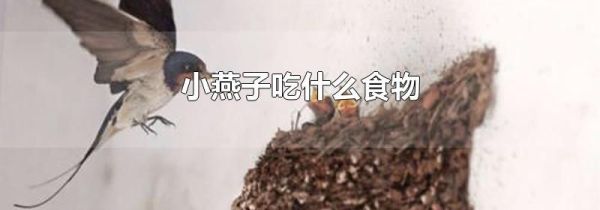 小燕子吃什么食物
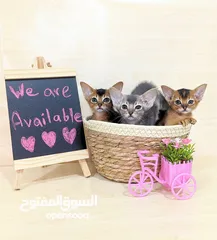  9 Purebred Abyssinian kittens Available  متوفر قطط حبشية أصيلة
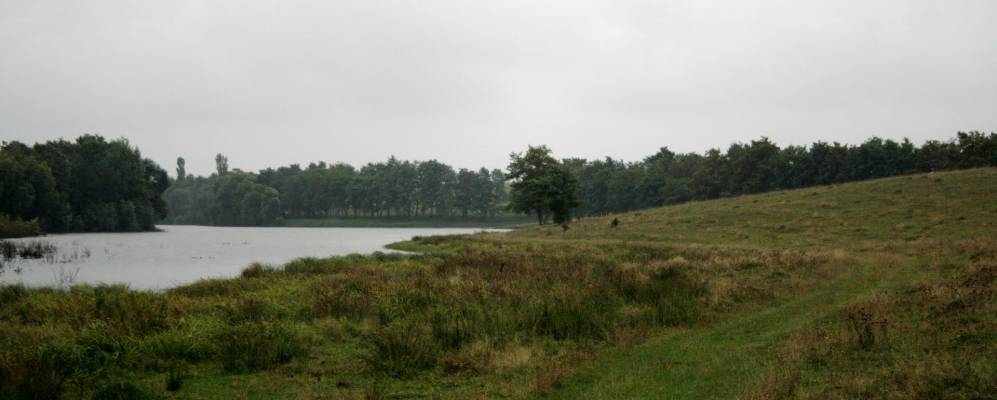 
            Фотография Шевченко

* _Exercise_
Print each line above exactly as it appears, excluding all images.

* _Exercise answer_
 小燕子吃什么食物
  9 Purebred Abyssinian kittens Available  متوفر قطط حبشية أصيلة
            Фотография Шевченко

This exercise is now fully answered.